» **Data to process**
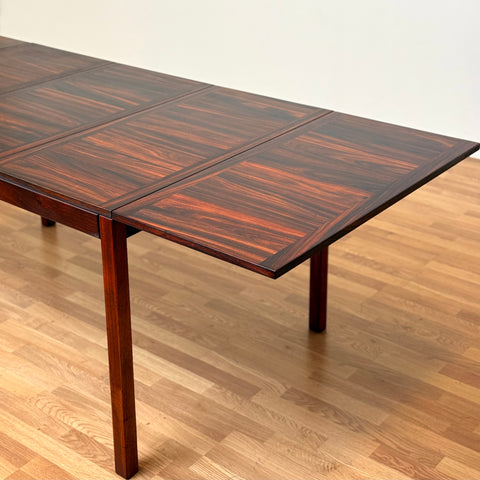 Dining table with 3 extensions by Vejle møbelfabrik, 1950s-60s, Denmark - Beyo Vintage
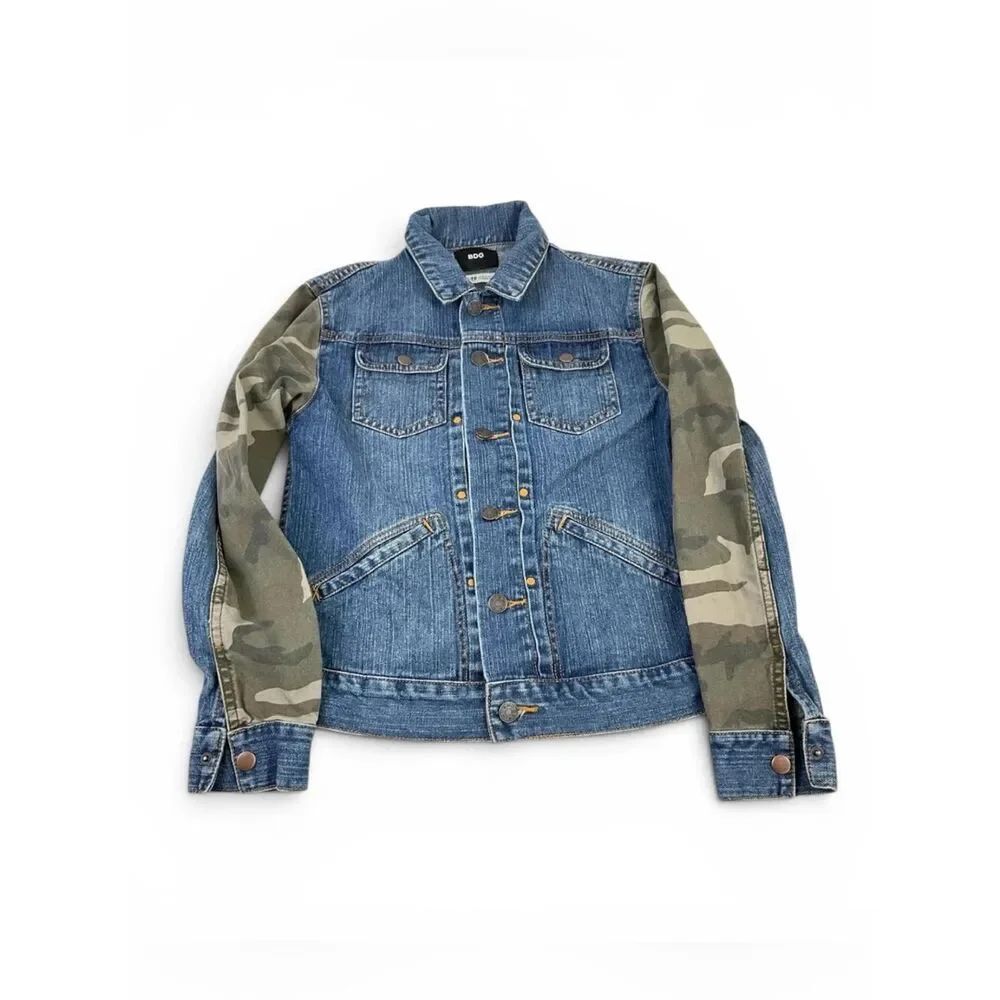 BDG UO Camouflage Denim Trucker Jacket 90s Streetwear Layering Utility Casual XS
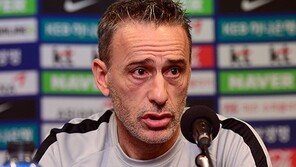 ‘데뷔전 출격’ 벤투 감독 “AG 금빛 기운 이어가겠다”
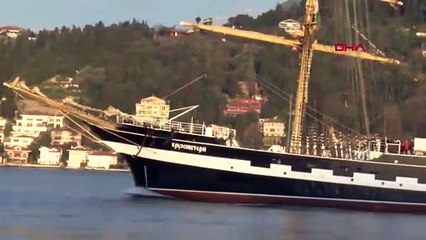 İstanbul Boğazı'ndan ''çok özel'' bir gemi geçti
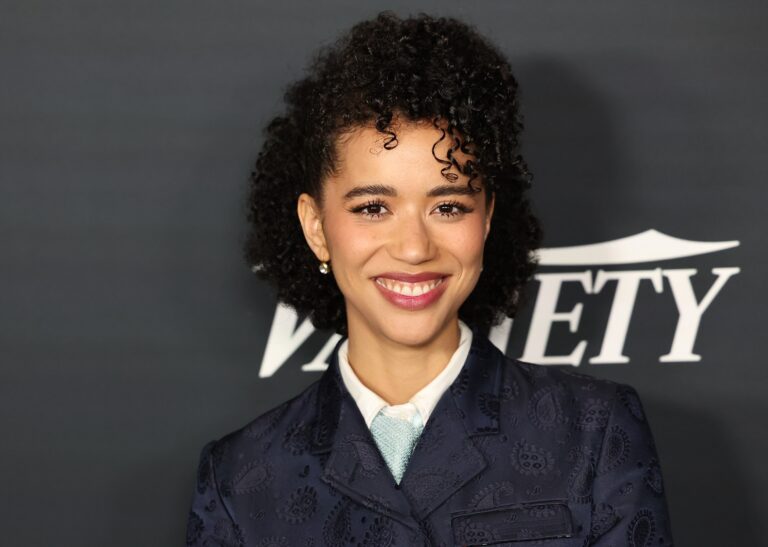 Jasmin Savoy Brown con 29-30 años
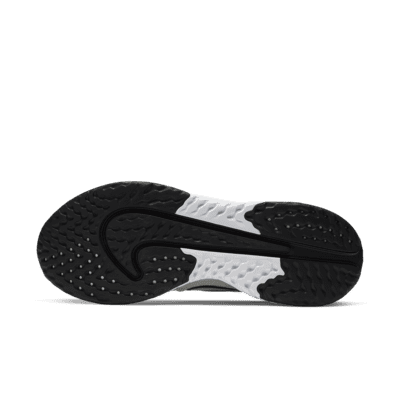Legend React 2 Zapatillas de running - Hombre. Nike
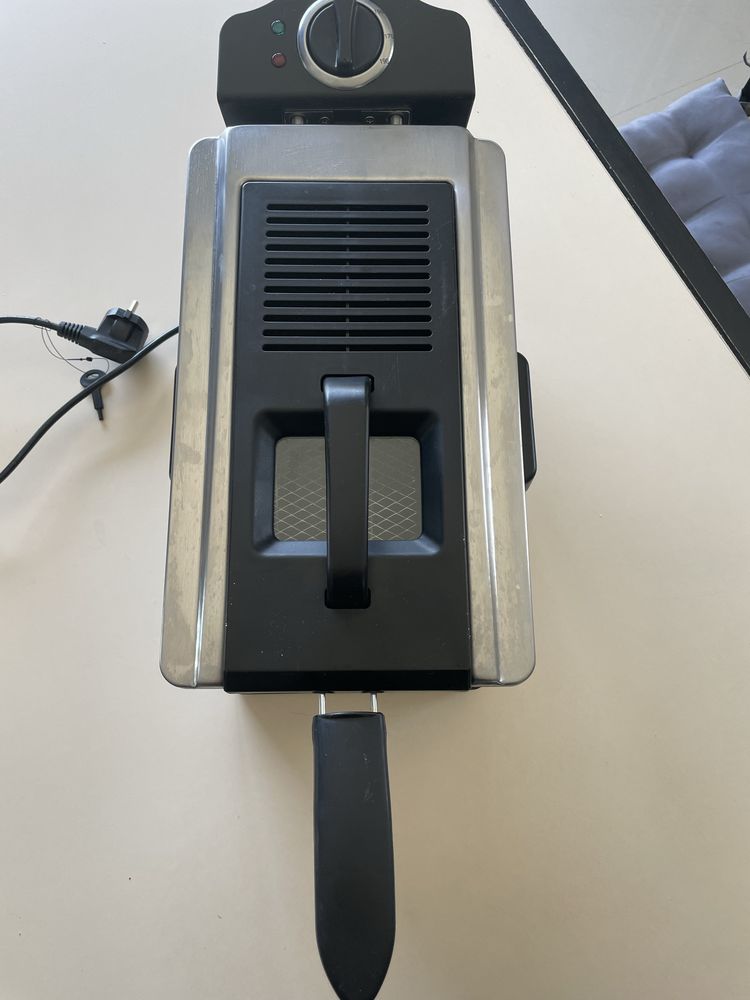 Фритюрниця Russell Hobbs полупрофесійна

» **Exercise aim**
Copy out the entries verbatim and leave the images out.

» **Solution for this exercise**
 Dining table with 3 extensions by Vejle møbelfabrik, 1950s-60s, Denmark - Beyo Vintage
 BDG UO Camouflage Denim Trucker Jacket 90s Streetwear Layering Utility Casual XS
 ‘데뷔전 출격’ 벤투 감독 “AG 금빛 기운 이어가겠다”
 İstanbul Boğazı'ndan ''çok özel'' bir gemi geçti
 Jasmin Savoy Brown con 29-30 años
Legend React 2 Zapatillas de running - Hombre. Nike
 Фритюрниця Russell Hobbs полупрофесійна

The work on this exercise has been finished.